Meet Katherine Bradford

Impromptu street painting of flapjacks. Photo by Katherine Bradford, Buddy of Work blog.

“Today what we need most is the life of the imagination. Informal notebooks provide a space where you don’t feel intimidated, where you can experiment and vary your approach from page to page.”
—Katherine Bradford

Portrait of Katherine Bradford, pencil on paper, by Phong Bui.
Portrait of Katherine Bradford, pencil on paper, by Phong Bui.

When the Plumb team considered the inaugural trio of artists, we were looking for variety and complementarity among the group. Where Tucker Nichols draws and writes and Sumi Ink Club unites everyday people to make art, Katherine Bradford brings the eye and technique of a classic painter as well as longtime experience in navigating the art world—though she didn’t become well known until the age of fifty. Katherine approached her Plumb notebooks with thoughtful sincerity, joy, and a respect for the hand-drawn mark. She says, “I love the idiosyncratic mark a human hand can make. Maybe it’s a way of going through your days, and your life, to let a little bit of mishap in.”

Sketching has been enormously important to Katherine’s work, and as a longtime teacher at the Pennsylvania Academy of Fine Arts and the Fashion Institute of Technology in New York, she’s seen the value of sketching for her students:

“Plumb really got me thinking about notebooks. I had taken using notebooks for granted. Once our collaboration started, though, I realized it was a big part of how I learn and how I proceed from one step to another. I see a lot of students doing their best work in notebooks and I always think it’s too bad—if only they could work like that more publicly! Notebooks play a big role in a visual artist’s practice. It’s sort of a scary prospect to do large work that’s public. The whole idea of making a painting or work of art can cause people to fail, but if you think you’re doing something private, you relax and better things happen.”

Katherine Bradford’s Brooklyn studio. Photo by Maria Calandra, Pencil in the Studio blog.
Katherine Bradford’s Brooklyn studio. Photo by Maria Calandra, Pencil in the Studio blog.
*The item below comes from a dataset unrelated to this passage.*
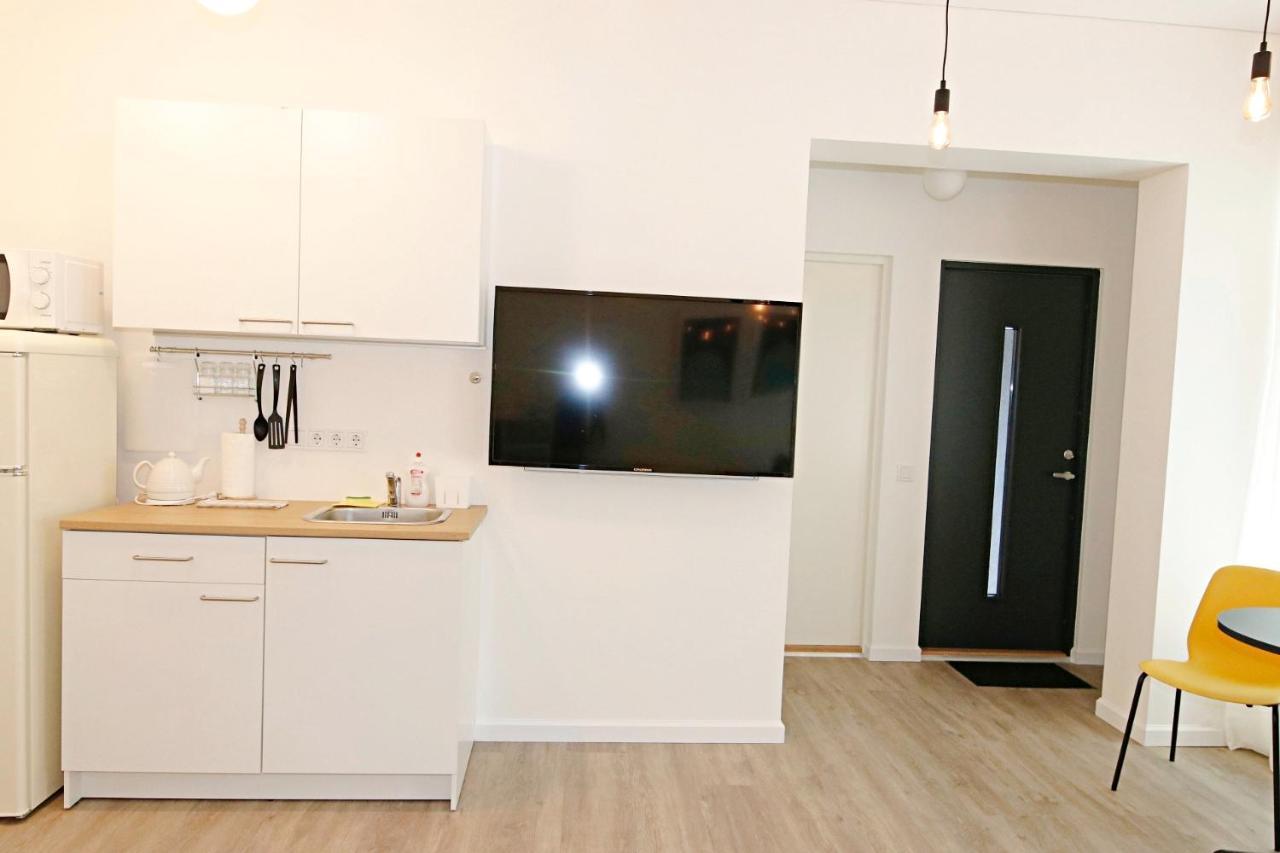 Minimalist Studio Old Town Apartments By Hostlovers Kaunas Exterior foto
There are both serious and playful qualities to Katherine’s art. The New York Times has described her work as “luminous and sumptuously tactile, sometimes goofy.” Despite frequently returning to certain themes, like the Titanic and superheroes, she takes them in varying emotional directions. Katherine describes her abiding interest in a few key subjects:

“As an artist, after a while you have access to your subconscious, so certain themes just keep coughing themselves up—thank god! I like cultural images. I’m rather obsessed with the Titanic, and fortunately it provides a rather potent metaphor for man’s fragile place in the world. I’ve reduced the imagery to a series of shapes. It’s iconic, a mighty symbol—maybe it’s every ship. After the Titanic sank, another ocean liner, the Carpathia, came to the rescue. Maybe that’s the ship, hopeful on the horizon, appearing just when you need it. The sinking happened at night, so you’ve got the dark, open ocean, full of mystery and beauty. It was an ocean liner, all lit up under a starry sky. I love dots and points of light, so maybe that’s how I came to the Titanic the first time. It’s also about survival. I love survival stories—quests and rituals and communities doing something ceremonious together.”

While Katherine returns to the same subject matter in her paintings, and her vibrant, evocative notebooks are clearly by the same strong hand, she appreciates flexibility of process, which made working with her a great pleasure on so many fronts:

“One of my favorite times in the studio is when I don’t have what I need—I don’t have the color I need, I don’t have the size brush I need, and I don’t have anything to paint on. It’s then that I’m forced to be inventive and I have to pull in something new. The unplanned is so much fun. In life, circumstances require you to give way to a lot of other forces. That’s not a bad way to make art—to be open, to invite the unexpected.”